I nodded. “It does. Ms. Mitchell, I understand from Mr. Vinson that you agree with him that Charles Childress was murdered.”

“Of course I do!” she snapped, slicing the air with a manicured hand. “He would never have killed himself. Never! It’s too absurd to even discuss. Charles had everything to live for. His writing, our... our life together.” Her face registered more anger than sadness.

“But he did have drastic mood swings, didn’t he?”

“Of course he had mood swings. Charles was artistic, for God’s sake. But if everyone here with mood swings killed themselves, this town would be smaller than Utica.”

“Point taken. Had he been unusually depressed lately?”

“No, he had not,” she said tightly. “Oh, he was ticked off about his new contract, and I don’t blame him. Horace, whom I like very much, let Charles down badly and wouldn’t agree to much more than what he had gotten for his first Barnstable books. Charles was upset about that, and about the review that weasel had done in the Gazette.”

“I understand he also was angry with his agent and his editor at Monarch.”

“And with good reason in each case,” Debra said, her voice still tight. “As you probably are aware, they became his ex-agent and his ex-editor.”

“I am. Did Mr. Childress ever say anything to make you think that he was in danger?”

She shook her head vigorously and fingered the diamond pin on her floral print scarf. “No. In fact, Charles never seemed afraid of anything — or anyone. He was always ready to take on the world.”

“I understand that he wasn’t from New York.”

“No, although he had lived here for, oh, I don’t know, maybe twelve years. He comes — came — from some small town somewhere in Indiana. His parents are both dead. His closest relatives are a couple of aunts out there, both widowed, I think.
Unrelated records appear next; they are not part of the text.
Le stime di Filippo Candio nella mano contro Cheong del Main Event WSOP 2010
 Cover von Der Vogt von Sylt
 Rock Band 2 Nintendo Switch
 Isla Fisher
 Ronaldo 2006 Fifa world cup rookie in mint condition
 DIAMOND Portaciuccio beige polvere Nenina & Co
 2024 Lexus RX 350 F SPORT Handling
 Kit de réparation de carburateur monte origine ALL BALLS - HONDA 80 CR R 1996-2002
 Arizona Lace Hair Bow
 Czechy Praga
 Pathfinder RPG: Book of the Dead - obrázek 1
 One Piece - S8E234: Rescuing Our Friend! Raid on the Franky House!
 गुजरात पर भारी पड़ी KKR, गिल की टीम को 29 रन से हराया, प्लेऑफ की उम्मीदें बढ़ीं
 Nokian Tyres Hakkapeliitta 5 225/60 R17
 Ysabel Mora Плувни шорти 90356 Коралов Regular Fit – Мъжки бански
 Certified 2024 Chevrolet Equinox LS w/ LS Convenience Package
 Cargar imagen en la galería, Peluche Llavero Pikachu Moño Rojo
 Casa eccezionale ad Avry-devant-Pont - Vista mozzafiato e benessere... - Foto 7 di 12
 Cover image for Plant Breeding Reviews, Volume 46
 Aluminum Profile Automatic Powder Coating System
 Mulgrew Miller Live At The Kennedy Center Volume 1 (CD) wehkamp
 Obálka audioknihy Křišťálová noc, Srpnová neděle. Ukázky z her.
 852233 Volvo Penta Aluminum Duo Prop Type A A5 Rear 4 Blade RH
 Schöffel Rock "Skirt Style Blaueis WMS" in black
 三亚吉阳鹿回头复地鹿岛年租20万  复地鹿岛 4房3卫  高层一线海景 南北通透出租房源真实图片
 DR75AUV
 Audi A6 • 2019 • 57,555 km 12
I never met them, but I talked to one of them on the phone the other day, so did Horace; she made the arrangements to have Charles’s body shipped back home for burial.”

“Did you know he owned a gun?”

She nodded reluctantly. “Yes, he told me when he bought it — that was a couple of months ago. Some apartments on his block had been burglarized, even one in his own building, I think. Charles seemed almost proud of the fact that he’d picked it up. He grinned when he showed it to me, like a kid with a grotesque new toy. He laughed and said something macho like ‘Anybody who tries to bust in here is going to get the surprise of his life — and if he gets cute, it’ll be the end of his life, too.’ ”

“Did Mr. Childress carry any life insurance that you’re aware of?”

She made a noise that I could only describe as unladylike. “Not a chance! Charles didn’t have any use for it. He said insurance was the biggest waste of money since the building of the pyramids.”

“Do you know who the beneficiary of his estate was?”